**Provided material**:
——————————
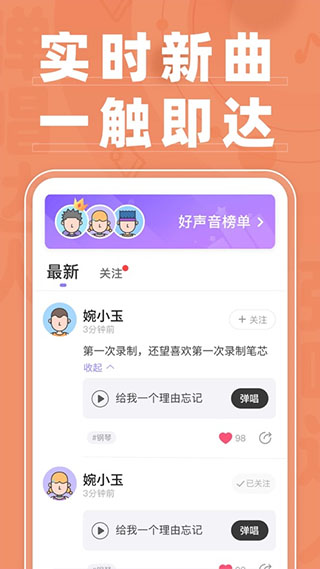 弹唱达人app手机版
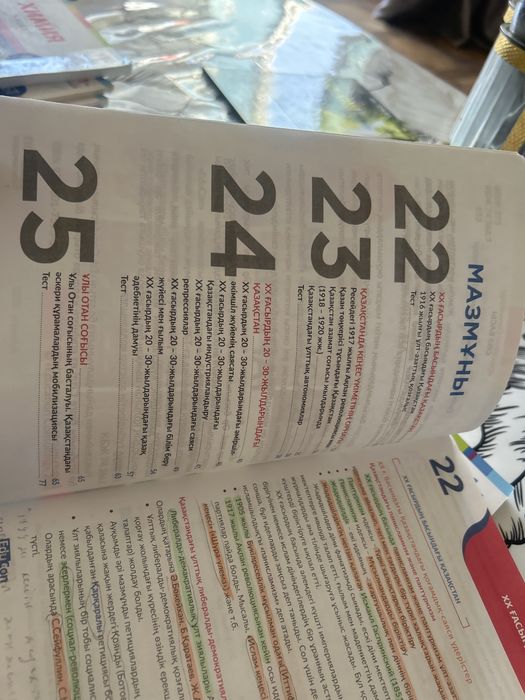 қазақстан тарих книги edukon
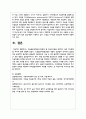 조음음운장애 중재 중 조음지시법을 정의하고 실제 지도방법을 예시와 함께 설명하시오 4페이지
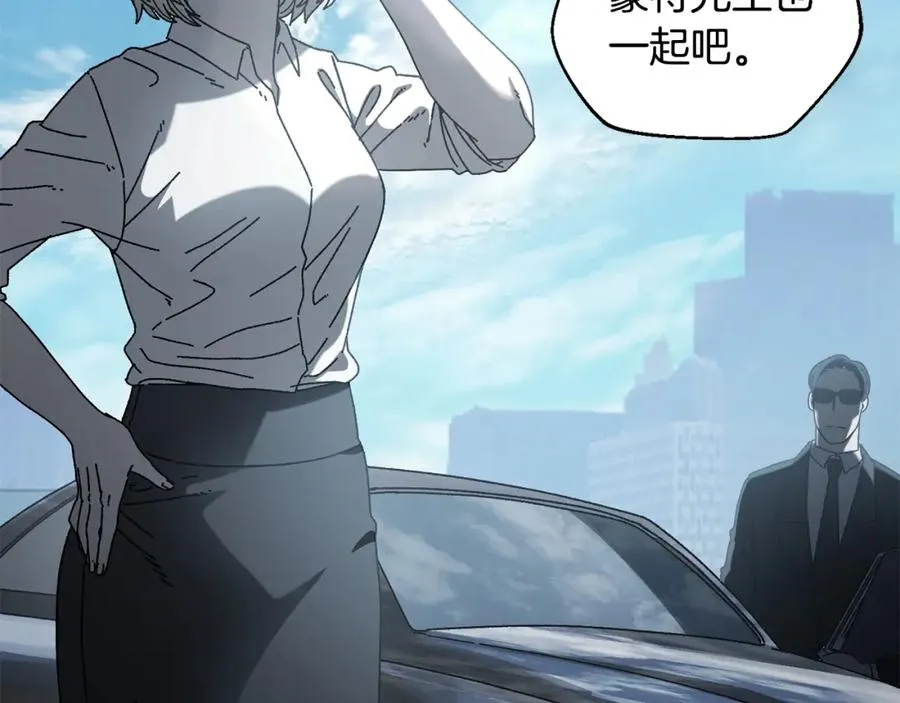 第31话 故人重逢 第75页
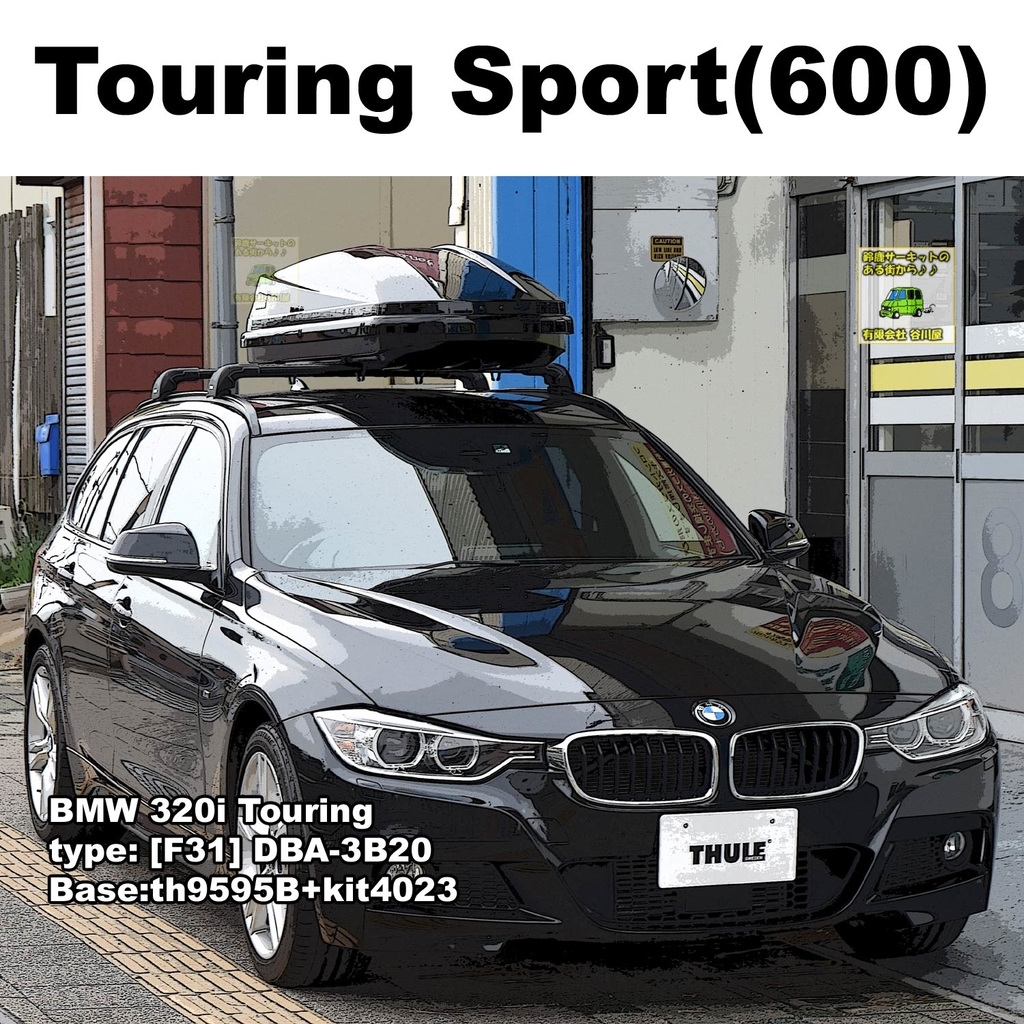 BMW320iTouring にTHULE Touring SPORT(600)取付 - 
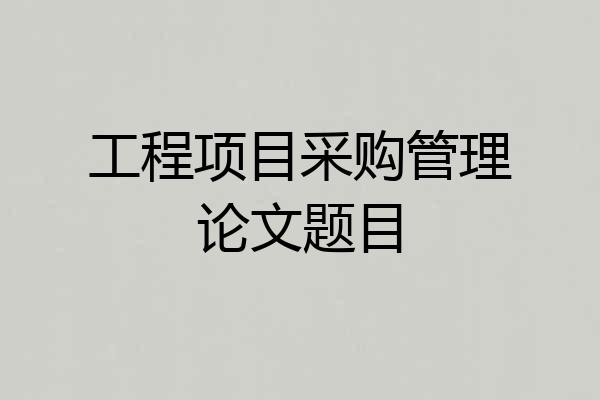 工程项目采购管理论文题目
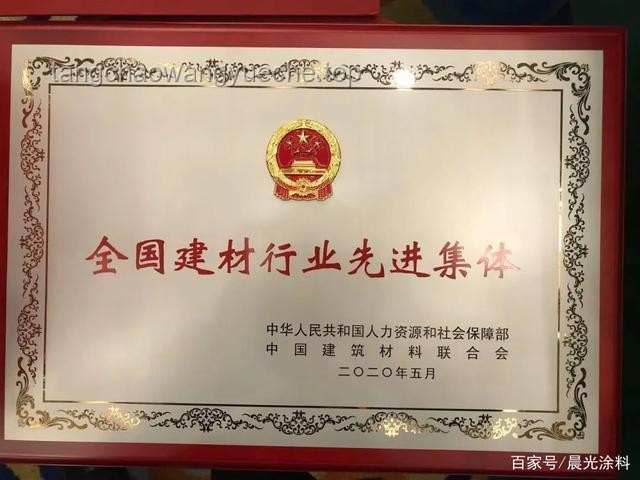 湖南文明典范地區(qū)與集體個人榮譽趨勢預測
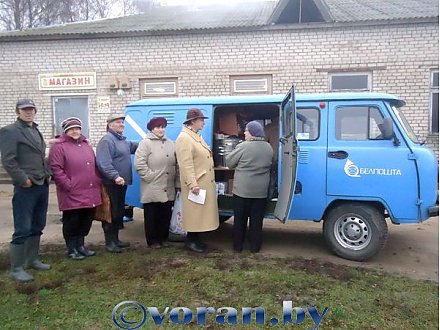 К Вам приехала почта!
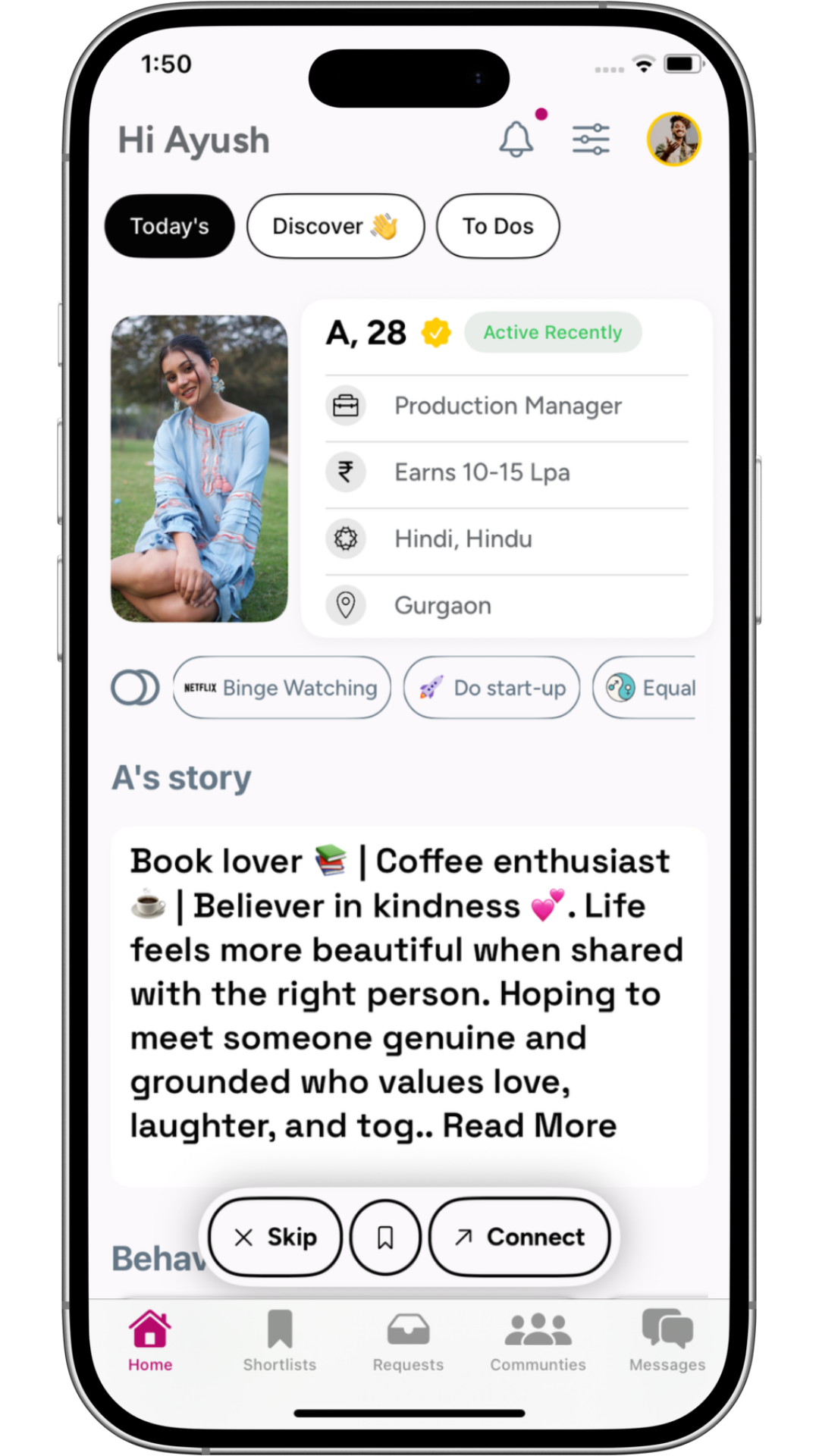 App profile screen for Goodweds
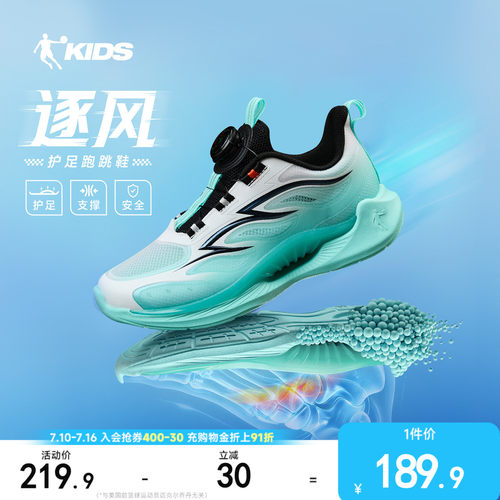 乔丹童鞋护足弓跑步鞋运动鞋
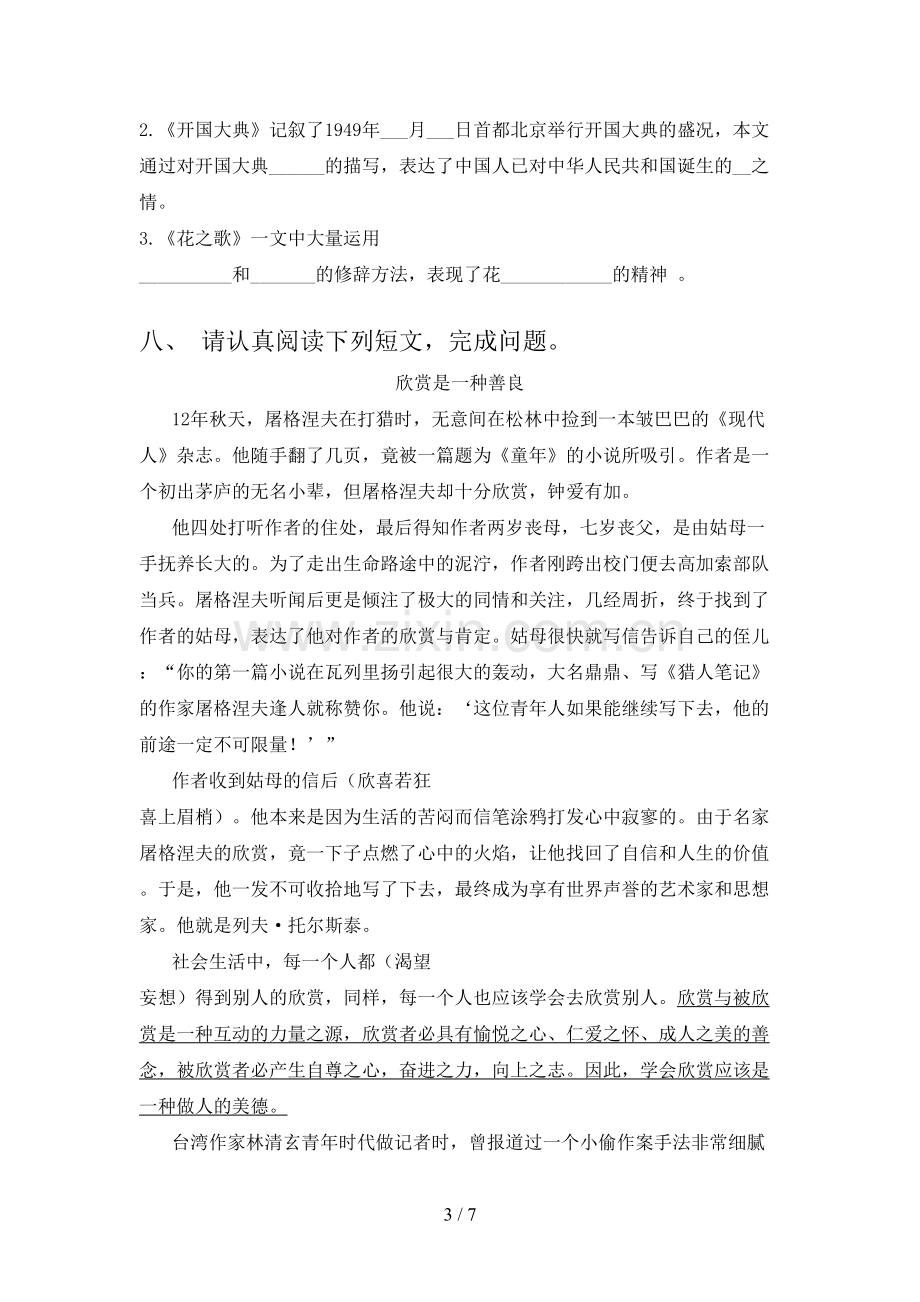 人教部编版六年级语文上册期末试卷(加答案).doc_第3页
——————————
**Work required**:
Omit the pictures, and please restate word for word the lines running from the line with "工程项目采购管理论文题目" to the end of the entries.

**Exercise result**:
 工程项目采购管理论文题目
 湖南文明典范地區(qū)與集體個人榮譽趨勢預測
 К Вам приехала почта!
 App profile screen for Goodweds
 乔丹童鞋护足弓跑步鞋运动鞋
 人教部编版六年级语文上册期末试卷(加答案).doc_第3页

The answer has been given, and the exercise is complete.